The H9N2 subtype low pathogenic avian influenza is one of the most prevalent avian diseases worldwide, and was first documented in 1996 in Korea. This disease caused serious economic loss in Korea's poultry industry. In order to develop an oil-based inactivated vaccine, a virus that had been isolated in 2001 (A/chicken/Korea/01310/ 2001) was selected based on its pathogenic, antigenic, and genetic properties. However, in animal experiments, the efficacy of the vaccine was found to be very low without concentration of the antigen (2(7) to 2(10) hemagglutinin unit).
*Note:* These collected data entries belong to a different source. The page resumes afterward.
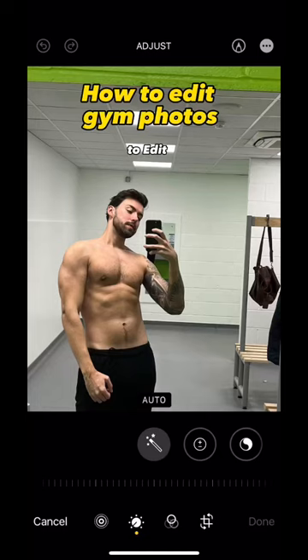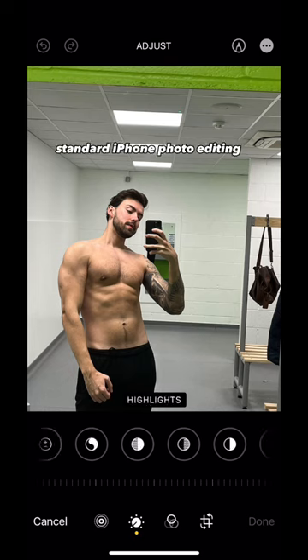This is how to edit your gym photos. You don't need any apps for this — literally just the standard iPhone photo editing.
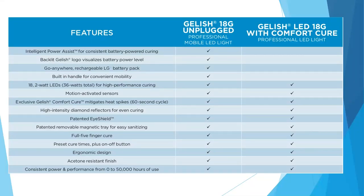Both lamps are motion-activated. The 60-second Comfort Cure option mitigates heat spikes — with that longer cure time you're not going to get the heat spike that some clients experience when curing gel products. It features a high-intensity diamond reflector for even curing, the same eye shield, a removable magnetic tray, and is a full-hand cure. Both have preset cure times plus an on/off button, an ergonomic design, an acetone-resistant finish, and can last up to 50,000 hours of continuous use.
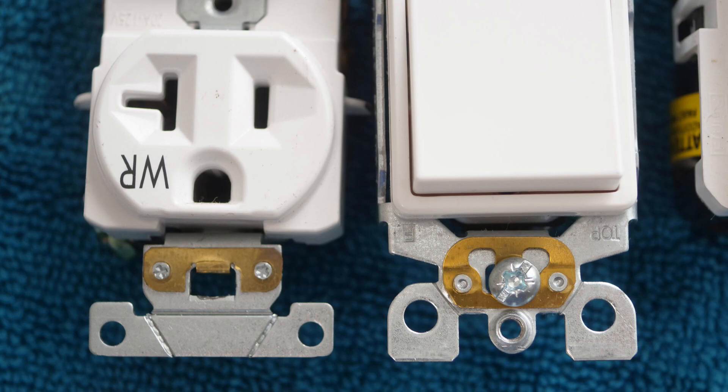What are these little brass things on the bottom of some receptacles and switches and other electrical devices? This is Bill for Sparky Channel, and today let's go over self-grounding clips — that's what those little brass items are called. Let's discuss why some of them might be differently shaped and why some receptacles and switches don't have them at all. We're going to be going over the 2023 NEC code and the NEC handbook to help us further understand them.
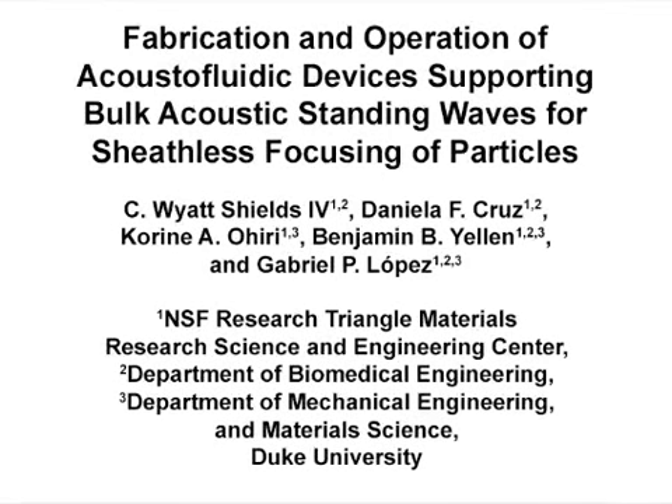The overall goal of this fabrication approach is to create a versatile and robust acoustofluidic device to manipulate micron-sized colloidal particles in a contact-free manner using bulk acoustic standing waves. Our goal is to demonstrate a simple approach by showing how to fabricate acoustofluidic tools supporting bulk acoustic standing waves using standard equipment and procedures, in hope of making this useful technology more accessible.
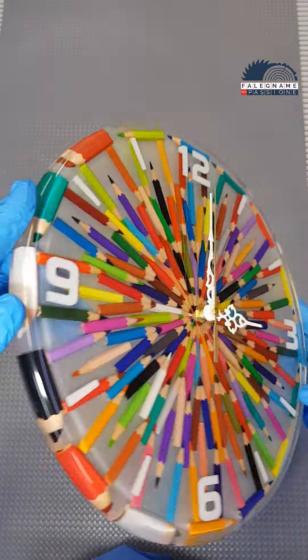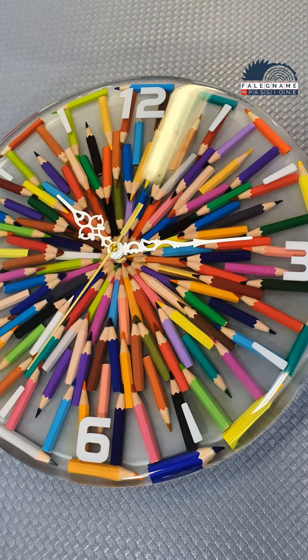What do you think about this clock? Because for me it is amazing. See you in the next video.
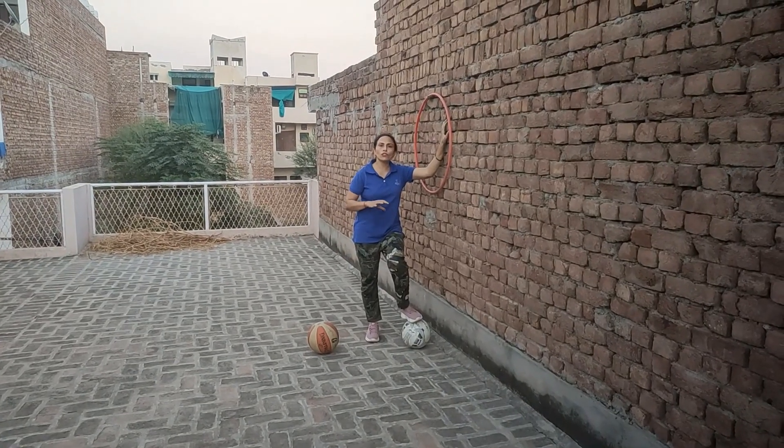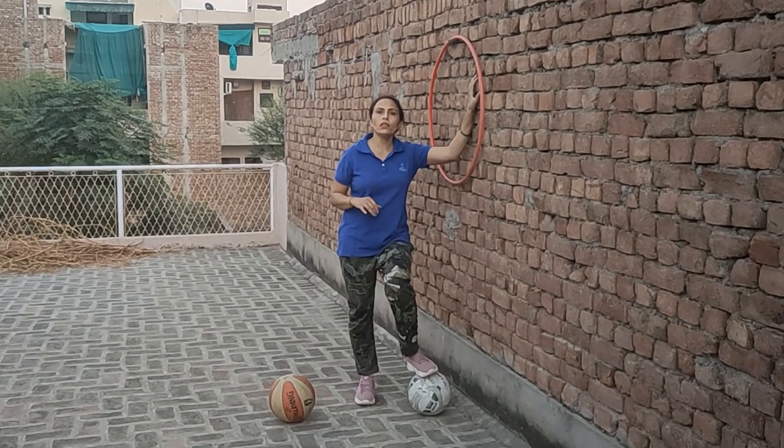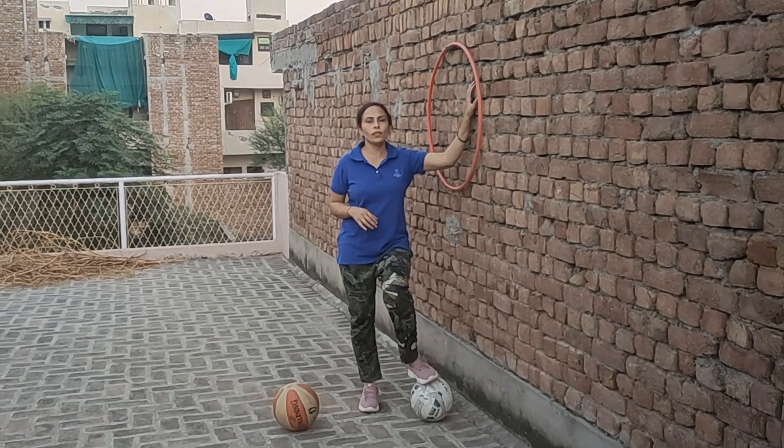You can practice this target shooting for different sports like basketball and badminton. Wherever you need target shooting, you can practice all these steps.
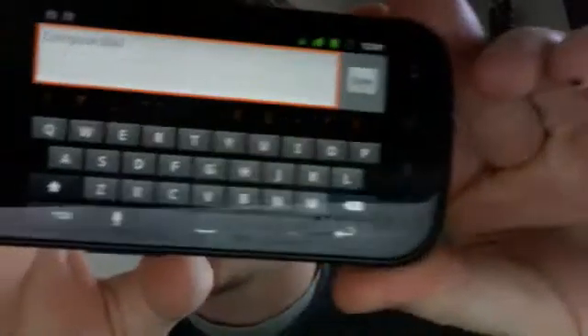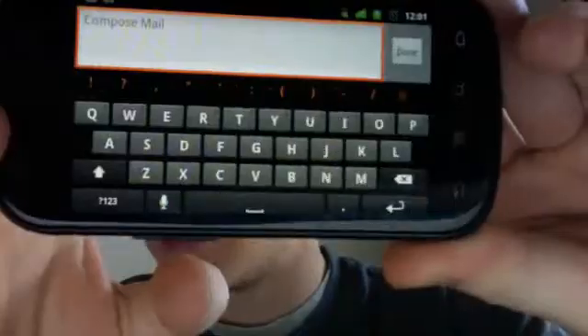So what you do is — I'm in Gmail, and I'm in the compose mail area, and in the bottom left-hand corner there's the microphone. And I'll hit that.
In order to overcome the low productivity, we passaged the vaccine candidate virus to chicken eggs. After the 20th passage, the virus was approximately ten times more productive compared with the parent virus. For the most part, the passaged virus maintained the hemagglutinin cleavage site amino acid motif (PATSGR/GLF) and had only three amino acid changes (T133N, V216G, E439D, H3 numbering) in the hemagglutinin molecule, as well as 18 amino acid deletions (55-72) and one amino acid change (E54D) in the NA stalk region. The amino acid changes did not significantly affect the antigenicity of the vaccine virus when tested by hemagglutination inhibition assay. Though not complete, the vaccine produced after the 20th passage of the virus (01310 CE20) showed good protection against a homologous and recent Korean isolate (A/chicken/Korea/Q30/2004) in specific pathogen- free chickens. The vaccine developed in this study would be helpful for controlling the H9N2 LPAI in Korea.